I was surprised to learn in Shared Spaces that when US Army recruiters came to Minidoka, Chester Sakura was one of the many Japanese men who volunteered to fight with the American military in Europe. David’s mother, aunt, and grandmother were left to raise the children in the camps. His mother, he narrates, crumbled from the stress and checked into the camp infirmary, leaving her children to the care of their grandmother. When the war ended, they heard that Japanese-Americans were no longer welcome in Eatonville. His family took a train east and wound up in Wisconsin, where eight-year-old David resumed his education in culturally German Milwaukee, playing the clarinet, listening to Wagner, and developing a love of classical music.

So much of Sakura’s narrative reminded me of the stories of other traumatized groups. Like many Holocaust survivors, particularly in the Midwest of the ’50s, David’s parents did not speak about their wartime experience, even though his father was now a returning GI. David remembers his father repeating a Japanese saying: a nail that sticks out will be hammered down. He taught his children to not speak up and not to stand out in any way. His mother did not talk about the war at all. “After the war, she was a changed person.” In his narration, Sakura incorporates her voice into a section based on letters from his aunt, who also kept silent about the war years until she wrote about them to her children.

As a young adult, David Sakura completed a doctorate in biochemistry and became a research associate at the Harvard School of Public Health before becoming a biotech investment banker. He began delving into his family history only in his early 40s, after his parents died. In 1979, the first Asian-American History month was declared at Boston’s Government Center and he began participating in consciousness-raising groups. Sakura took courses at the Harvard Extension school in Japanese literature. At about the same time, a reparations movement for Japanese-American internees began and, after a decade, The Office of Redress Administration began providing restitution payments of $20,000 to those subjected to evacuation, relocation, and internment during World War II. David Sakura found his name and internment number in the National Archives. He began to view his family’s experience during World War II as that of “canaries in the coal mine,” chillingly relevant to contemporary America.

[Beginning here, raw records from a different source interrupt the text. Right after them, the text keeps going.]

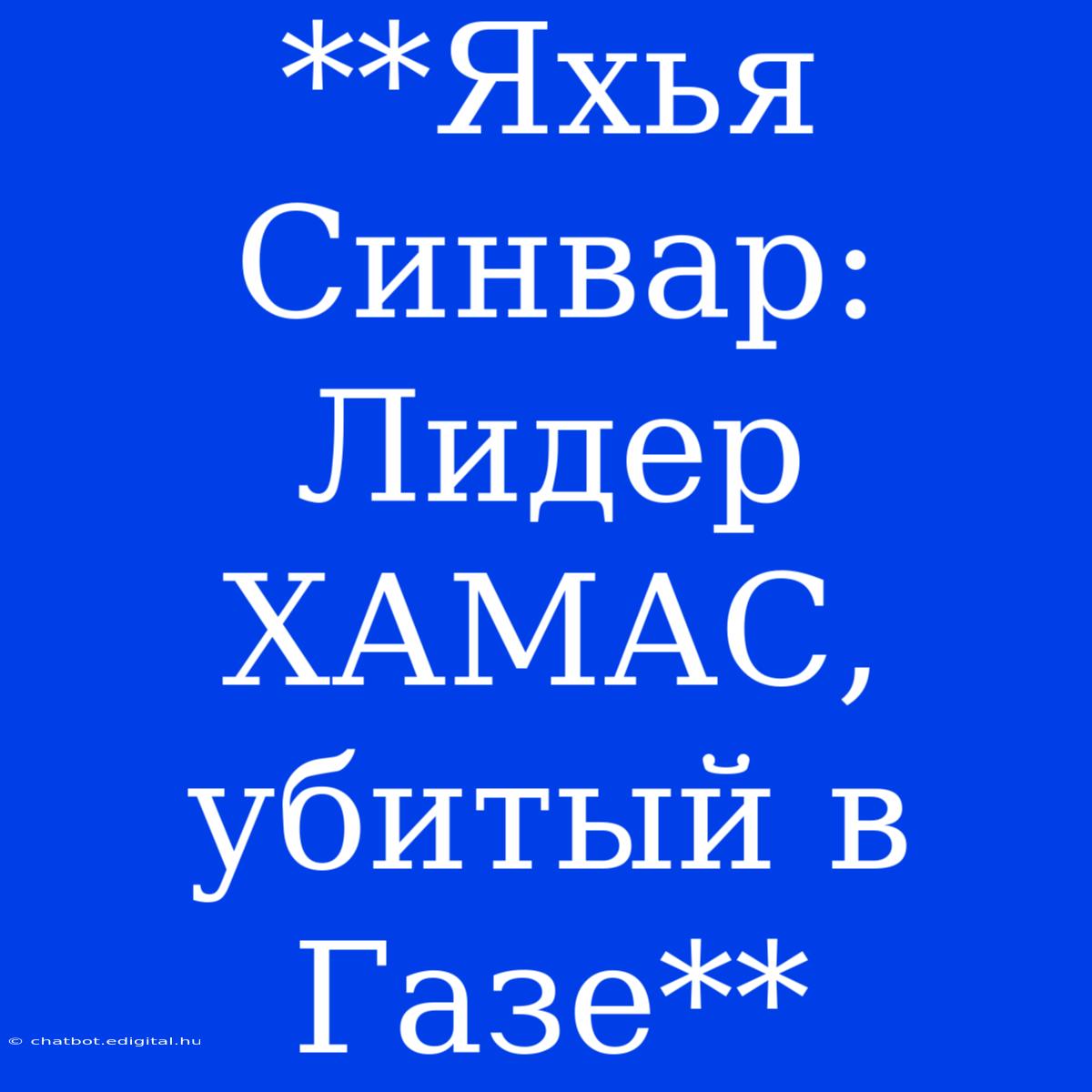 **Яхья Синвар: Лидер ХАМАС, Убитый В Газе**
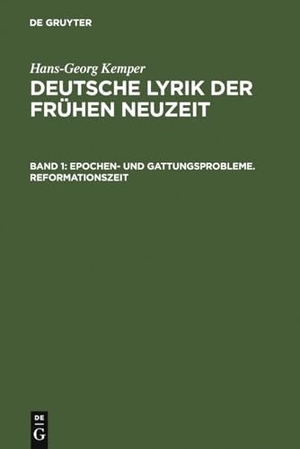 Kemper, Hans-Georg. Epochen- und Gattungsprobleme. Reformationszeit. De Gruyter, 1991.
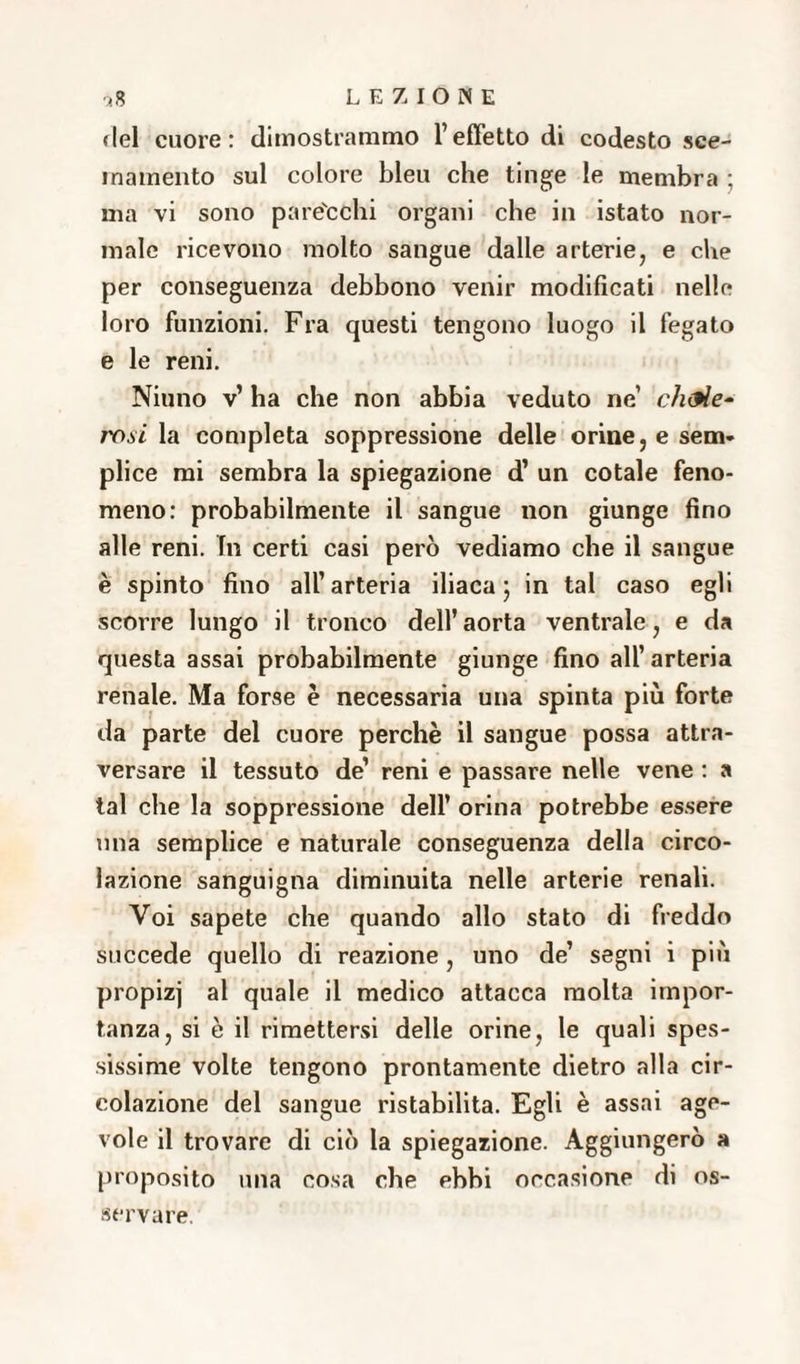 del cuore: dimostrammo l’effetto di codesto sce- inamento sul colore bleu che tinge le membra : ma vi sono pare'cchi organi che in istato nor¬ male ricevono molto sangue dalle arterie, e che per conseguenza debbono venir modificati nelle loro funzioni. Fra questi tengono luogo il fegato e le reni. Niuno v’ ha che non abbia veduto ne’ ch<9Ìe- rosi la completa soppressione delle orine, e sem¬ plice mi sembra la spiegazione d’ un cotale feno¬ meno: probabilmente il sangue non giunge fino alle reni. In certi casi però vediamo che il sangue è spinto fino all’arteria iliaca ; in tal caso egli scorre lungo il tronco dell’aorta ventrale, e da questa assai probabilmente giunge fino all’ arteria renale. Ma forse è necessaria una spinta più forte da parte del cuore perchè il sangue possa attra¬ versare il tessuto de’ reni e passare nelle vene : a tal che la soppressione dell’ orina potrebbe essere una semplice e naturale conseguenza della circo¬ lazione sanguigna diminuita nelle arterie renali. Voi sapete che quando allo stato di freddo succede quello di reazione, uno de’ segni i più propizj al quale il medico attacca molta impor¬ tanza, si è il rimettersi delle orine, le quali spes¬ sissime volte tengono prontamente dietro alla cir¬ colazione del sangue ristabilita. Egli è assai age¬ vole il trovare di ciò la spiegazione. Aggiungerò a proposito una cosa che ebbi occasione di os¬ servare.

The last voice in Shared Spaces is that of Dan Sakora, who grew up in Lexington, Massachusetts, and worked in the Clinton Administration’s Department of the Interior for eight years. In 2001, he brought his father to DC to watch President Clinton sign into being the Minidoka National Monument. Now a Senior Advisor to the National Park Service, he sees preserving historic sites as a critical tool in combating racial hate and violence and is now fighting to keep the Minidoka National Historic Site from the encroachment of commercial interests.

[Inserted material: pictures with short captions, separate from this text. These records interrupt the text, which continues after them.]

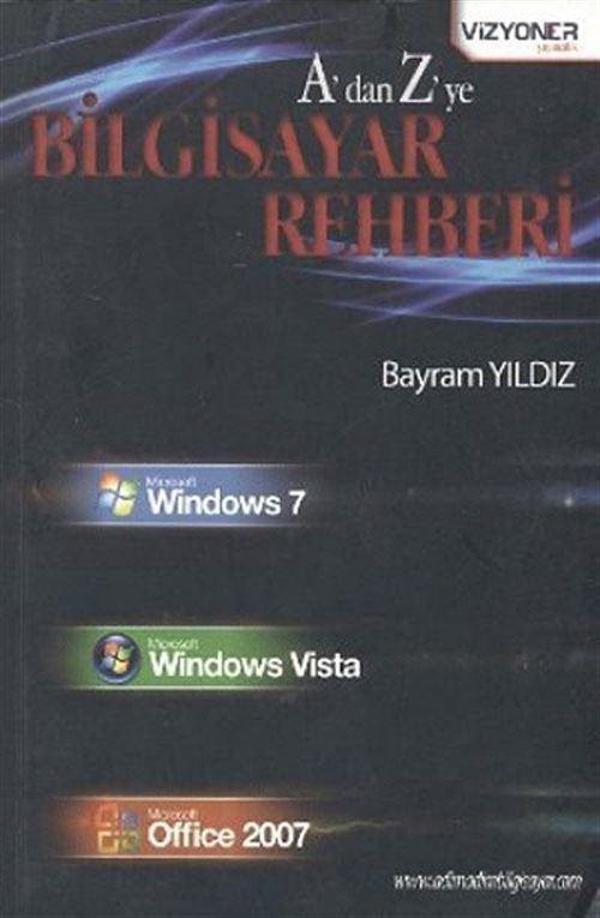 A'dan Z'ye Bilgisayar Rehberi - Vizyoner Yayıncılık - Image 1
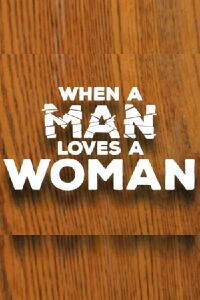 When a Man Loves a Woman (2016)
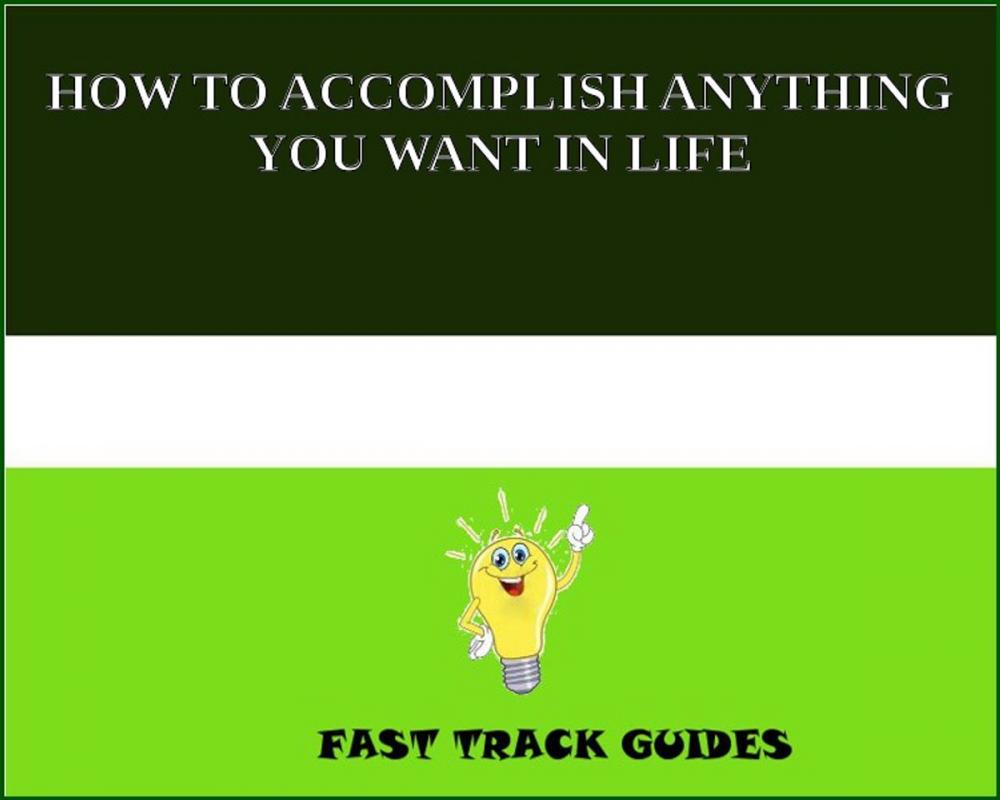 Big bigCover of HOW TO ACCOMPLISH ANYTHING YOU WANT IN LIFE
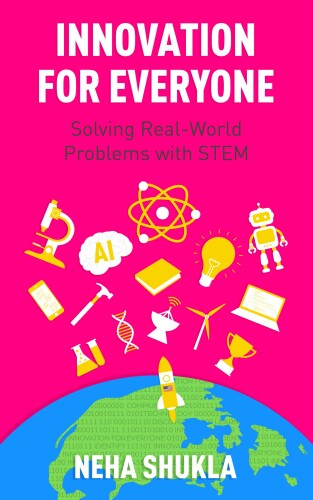 Innovation for Everyone: Solving Real-World Problems with STEM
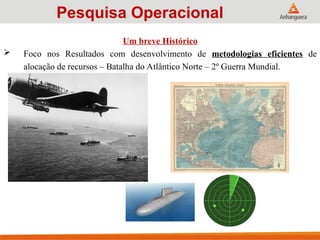 Um breve Histórico
 Foco nos Resultados com desenvolvimento de metodologias eficientes de
alocação de recursos – Batalha do Atlântico Norte – 2º Guerra Mundial.
Pesquisa Operacional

During my interview with David Sakura, I suggested that he turn his script into a book, but he demurred. “I want Shared Spaces to be my legacy,” said the 87-year-old, who is a board member of the New Hampshire Music Festival and likes to fish as well as tend to his Japanese-style garden.


Helen Epstein  is the author of Music Talks, Children of the Holocaust, the classic text on intergenerational trauma, and of ten other books of literary nonfiction.